We had a very nice week in Martinique. We checked in customs in the south. It is a very easy and efficient operation on the French islands. In the office there is a self-service computer where you type in all your details yourself, print it and have it stamped, and its all, as a result, computerised unlike the paper system in the other islands. We cleared in at Marin where there are a huge number of boat services, chandleries etc. We bought, in one, a second hand charcoal BBQ! Yeah!
From there a great down-wind sail round to Grand Anse d’Artlet on the south west peninsula. There are three sweet villages separated by headlands. We anchored in the northerly one where we found ‘Swallow of Bristol ‘ and Vicky and Elliot, who we had not seen for ages. We had a lovely evening with them and met Elliot’s parents who were visiting them. Next day we walked up and round the headland to the next village south for some tasty cakes and coffee (when in France!) and then had a stonking sail up the coast, 10 NM or so to Saint Pierre, the old capital of the island. On route Dan caught a ‘great barracuda’. Way-hay – within 24 hours of buying the BBQ. It was tugging and trashing on the line but when Dan got it up to the deck we tried a technique we had been told about. We sprayed alcohol directly into the gills and it just went limp straight away, then head off.
When we arrived at Saint Pierre there was a big swell. There had been some bad weather in the north a few days before and this was the residue of that. The black sand beach was alternately black and then white with surf, washing up to the palm trees. We were ok on anchor off the beach though, we just gently rode up and down rather than rolling side to side.

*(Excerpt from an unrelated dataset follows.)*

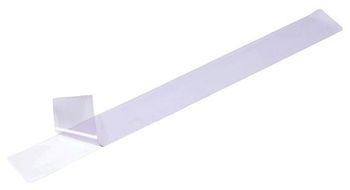 Bbb tubeskin protector de cuadro transparente 500mmx50mm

We had a very nice 4 days in the sleepy Saint Pierre. This had been described as ” The Paris of the Caribbean” in its hay- day. It was the capital of the island and had a population of 30,000 when in 1902 Mont Pellee the volcano which over-shadows the bay erupted and completely obliterated the place. All the buildings, which were stone, were demolished leaving only rubble, foundations and low walls. There were only a couple of survivors, one of whom was a prisoner who was in a stone cell, which still stands today, the only building to remain. The town has been rebuilt on the same plan, new buildings incorporate parts of the old walls. There had been a big theatre, now only the grand staircase up to it and the foundations survive. There was a museum there which had some exhibits of objects and artifacts which had been picked out of the rubble at the time: some pocket watches, stopped at 8 o’clock ( the time of the eruption, 8 am) , the massive bronze church bell, warped and crushed, stacks of glasses which had been fused together in their stacks, smoked and crazed ceramics and other objects from life in 1902. There were also photos of the volcano shortly after the eruption when a massive spike of rock protruded from its summit hundreds of meters high, it later fell that same year, and the new and current altitude of the volcano settled at 1397m.

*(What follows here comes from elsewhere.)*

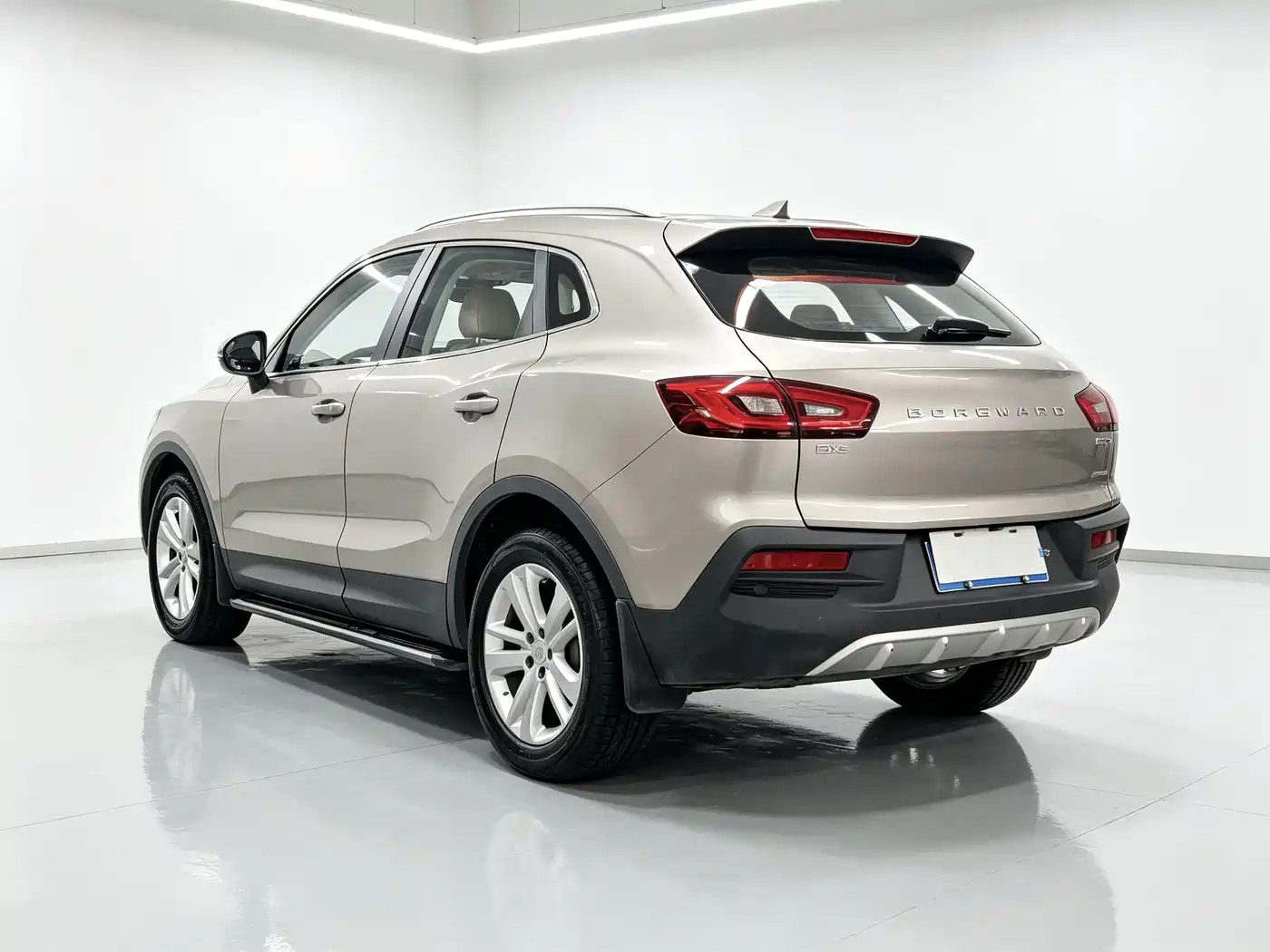 Borgward BX5 2018 2018 25TGDI Auto 2WD Fashion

We had a cycle along the coast road to the north one day. Another day walked up Mont Pellee, the Volcano itself. We took a very early bus up to a village at about 500m alt then walked from there. Early in the morning it was cool and as we got higher we got into cloud so it was a fine temperature for walking, in fact refreshingly cool on top. A Steep and enjoyable walk. Surprising amount of vegetation considering its recent past, no trees on its affected slopes but thick blanket of greenery, big ferns, grasses, bushes, shrubs and flowers. We walked up the east side over the top and down the west, back into the heat at sea level.
We left at 4.30am on 3rd of April for Dominica, 55NM to Prince Rupert Bay. Its nice to be sailing at night and early morning because in the day it is jolly hot! we do not have sun shade when we are sailing. We arrived in the afternoon after a good sail. We even had some westerly winds coming up the coast of Dominica as a result of a land breeze on shore.
We were delighted to see Iron Bark anchored in the bay, our friend Trevor Robertson. We had a very nice evening with him. Dominica was an absolute delight. It promotes itself as ” the nature island”, it is very undeveloped, has no major hotels or complexes at all. It is mountainous and absolutely dense with rainforest. Portsmouth where were anchored in Prince Rupert Bay is the 2nd largest town after the capital Roseau in the south west. It is a very nice village/town, laid back and friendly. A string of low key beach bars along the front and little shops and market stalls on the high street, chickens scratch in the street. Not touristy, in fact I had to paint some of my own post cards ‘cos I couldn’t find any for sale.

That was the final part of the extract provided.